-------- DATA LISTING
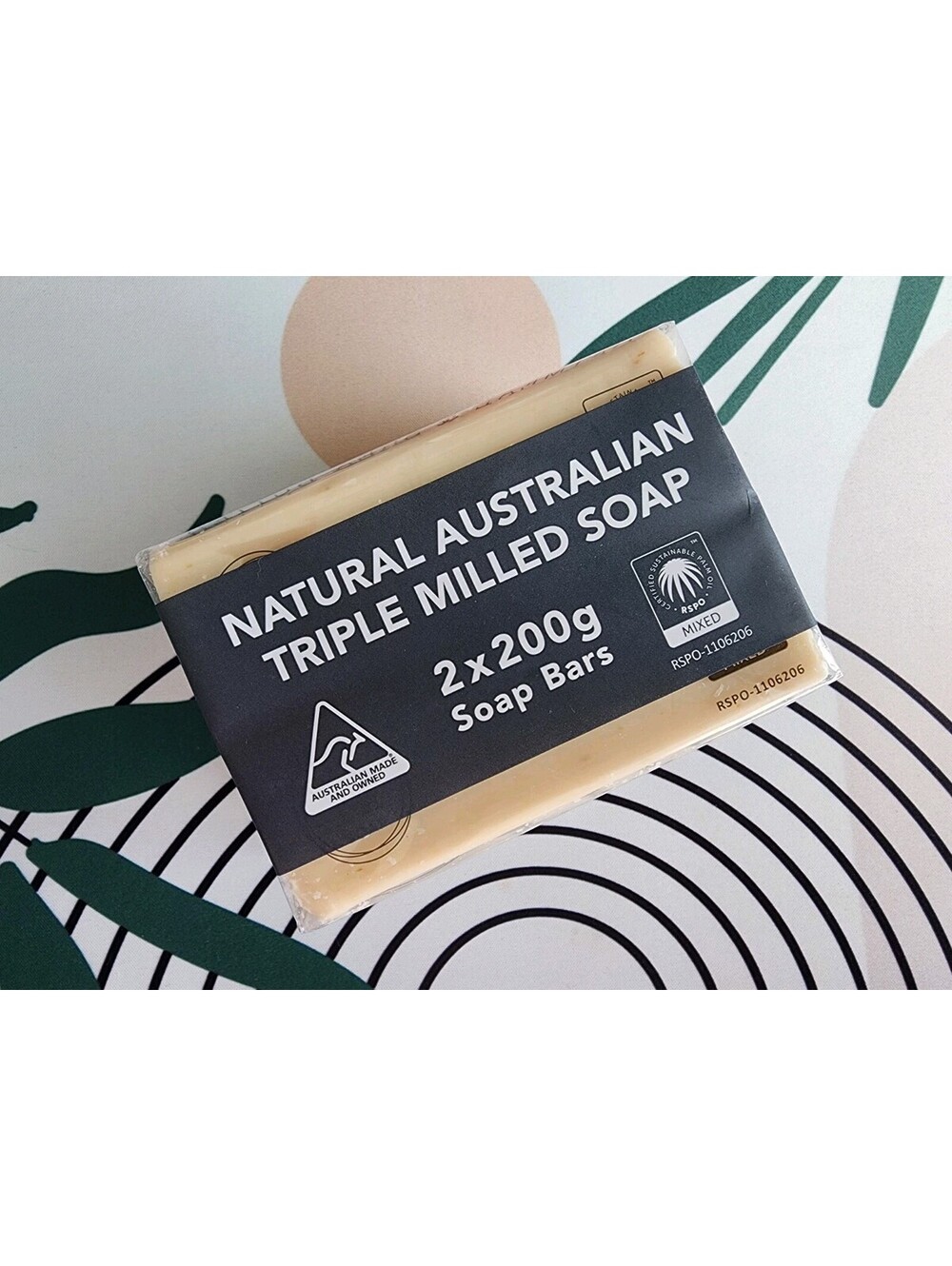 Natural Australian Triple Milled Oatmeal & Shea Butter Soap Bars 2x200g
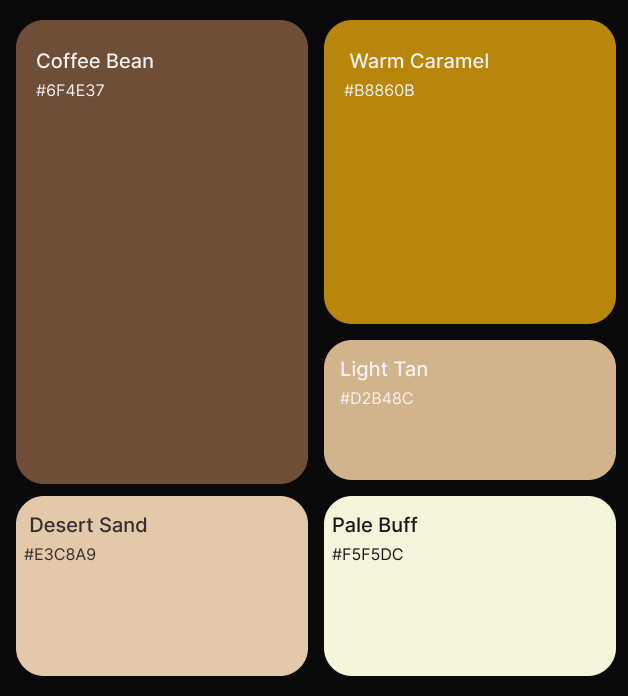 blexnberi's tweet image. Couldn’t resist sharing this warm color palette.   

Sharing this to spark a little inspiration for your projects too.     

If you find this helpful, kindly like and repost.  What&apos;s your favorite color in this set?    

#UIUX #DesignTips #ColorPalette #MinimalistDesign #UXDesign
----------------
WHAT IS REQUIRED: Each record above must be retyped exactly. Omit the pictures.

SOLVED PROBLEM:
 Natural Australian Triple Milled Oatmeal & Shea Butter Soap Bars 2x200g
 blexnberi's tweet image. Couldn’t resist sharing this warm color palette.   

Sharing this to spark a little inspiration for your projects too.     

If you find this helpful, kindly like and repost.  What&apos;s your favorite color in this set?    

#UIUX #DesignTips #ColorPalette #MinimalistDesign #UXDesign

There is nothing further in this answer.